The range of the function $f(x) = \frac{2}{2+4x^2-4x}$ can be written as an interval $(a,b]$. What is $a+b$?

For $f(x)$ to take on all real values, the denominator $2+4x^2-4x$ cannot be equal to zero. This is because division by zero is undefined, so we need to exclude values of $x$ that make the denominator zero.

We have the quadratic $2+4x^2-4x=0$. Moving all terms to one side gives $4x^2-4x+2=0$. We cannot factor this quadratic, so we apply the quadratic formula: \begin{align*}
x&=\dfrac{-(-4)\pm\sqrt{(-4)^2-4(4)(2)}}{2(4)}\\
&=\dfrac{4\pm\sqrt{16-32}}{8}\\
&=\dfrac{4\pm\sqrt{-16}}{8}=\dfrac{4\pm4i}{8}=\dfrac{1\pm i}{2}.
\end{align*}Therefore, $(2+4x^2-4x)=(x-(1+i))(x-(1-i))$. Hence, the denominator can be factored as $2+4x^2-4x=2(x-(1+i))(x-(1-i))$, and it follows that \begin{align*}
f(x)&=\frac{2}{2(x-(1+i))(x-(1-i))}\\
&=\frac{2}{2(x-1-i)(x-1+i)}=\frac{1}{(x-1-i)(x-1+i)}.
\end{align*}

Now, notice that for any complex number $z=a+bi$, \[|z|^2=z\cdot\overline{z}=(a+bi)(a-bi)=a^2+b^2.\]This means that $|z|$ represents the distance from $z$ to the origin.
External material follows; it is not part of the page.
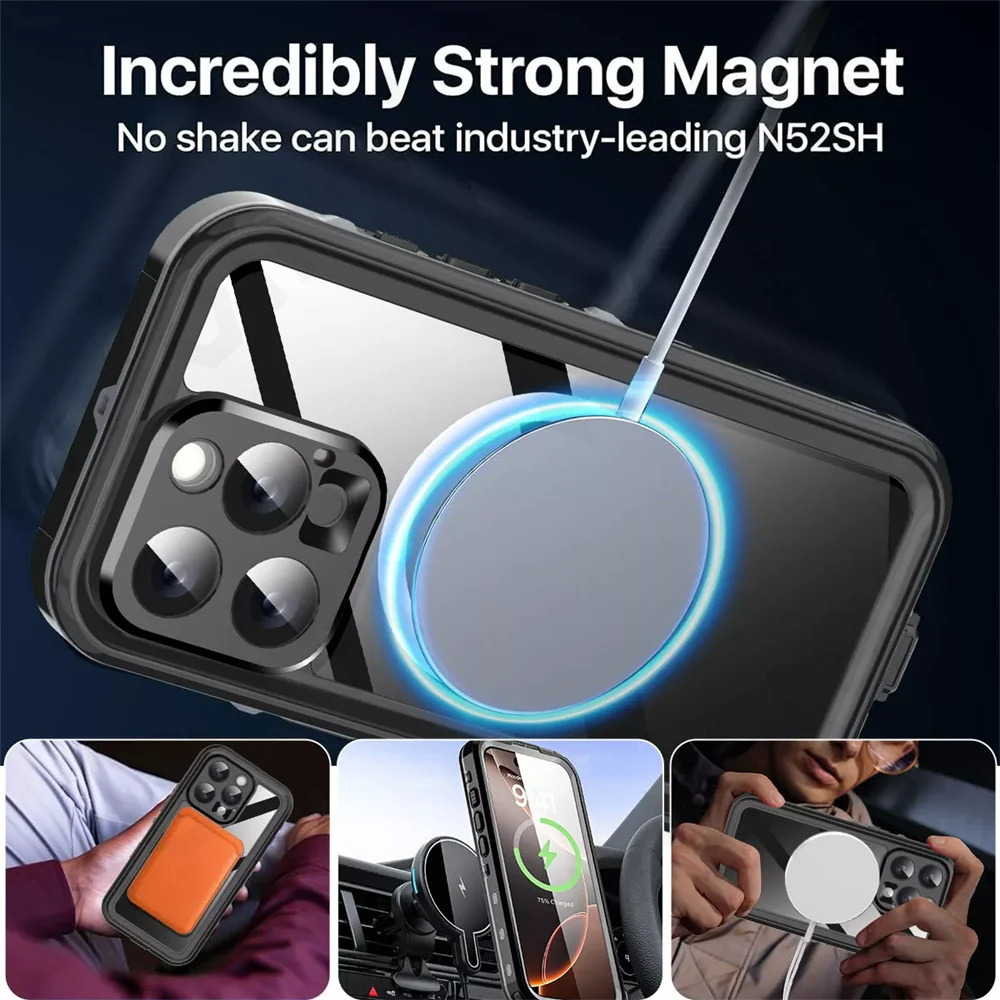 Magnetic Case For iPhone 16 15 14 Pro Max Pro 13 iPhone Pro Max Waterproof Protector Full Body Protective Dustproof Phone Case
Thus, if $x$ is real, $x-(1+i)$ and $x-(1-i)$ are complex conjugates. Hence, their product $[x-(1+i)][x-(1-i)]=|x-(1+i)|^2$ is always nonnegative.

Therefore, $f(x)$ is always positive when $x$ is real, and so the range of $f(x)$ is the set of all positive real numbers. In interval notation, this is represented as $(0,\infty)$. Hence, $a+b=\boxed{\infty}$.